>> This means that an UTF-8 sequence can be identified as UTF-8
>> encoding in normal text. This has been suggested by several people
>> to be a way to identify if text is UTF-8 or not. But it can also be
>> used to make UTF-8 nearly iso 8859-1 compatible, by letting the
>> read/writing routines for UTF-8 be adaptible. When reading: if a
>> sequence is a correct UTF-8 encoding sequence, decode it as UTF-8,
>> if not use the byte as itself (just like is done for all byte values
>> below 128). When writing: if the code value is below 255 and the
>> resulting byte sequence does not look like an UTF-8 encoding, write
>> the byte itself, otherwise encode using UTF-8.
>This requires some lookahead but is surely doable. If you really use
>this for writing then you may make a few Latin-1 readers happier but
>you will also upset UTF-8 readers whose software chokes or uses a
>different default (like Latin-0).
I have quite a lot of programs that can read latin-1 bit not UTF8.
And the UTF-8 readers I have tried stopps reading when it detects
latin-1 in my files making them worthless.

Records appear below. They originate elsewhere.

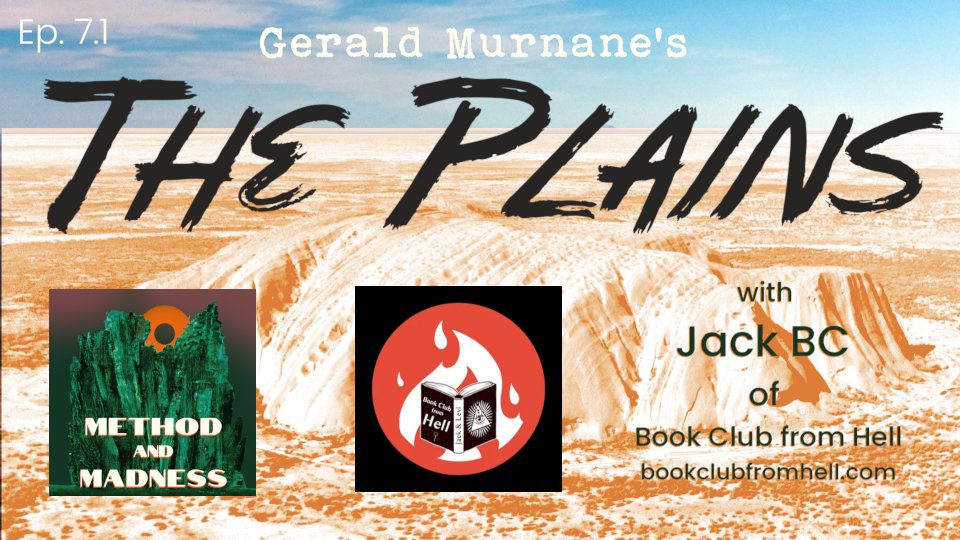 Method and Madness tweet media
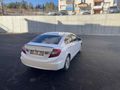 Sahibinden Honda Civic 1.6i VTEC ECO Elegance 2012 Model 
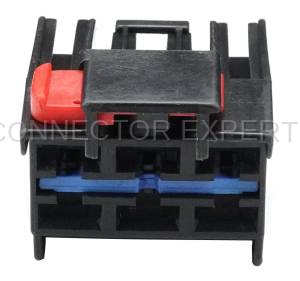 Normal Order - CE6449BK - Image 2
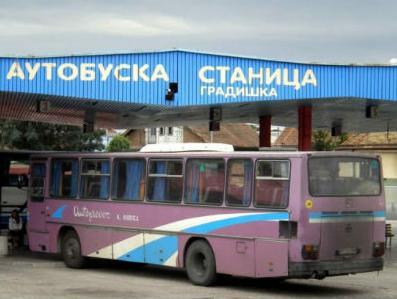 Autoprevoz iz Kozarske Dubice vozi u stečaj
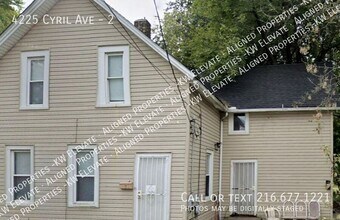 Building Photo - 4225 Cyril Ave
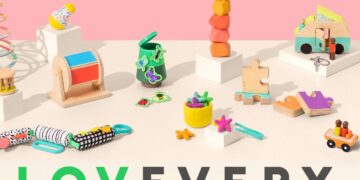 Lovevery Play Mat: Enhance Your Child's Brain Development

My adaptive scheme would allow UTF-8 readers to read latin-1 with very
I only talk about latin-1 because latin-1 is a true subset och UCS just like
ascii and can be handle without any code translations. latin-16 (I think was
the real name for latin-0) and others are not true subsets (when you look
at code values) to UCS and would need code translation to work.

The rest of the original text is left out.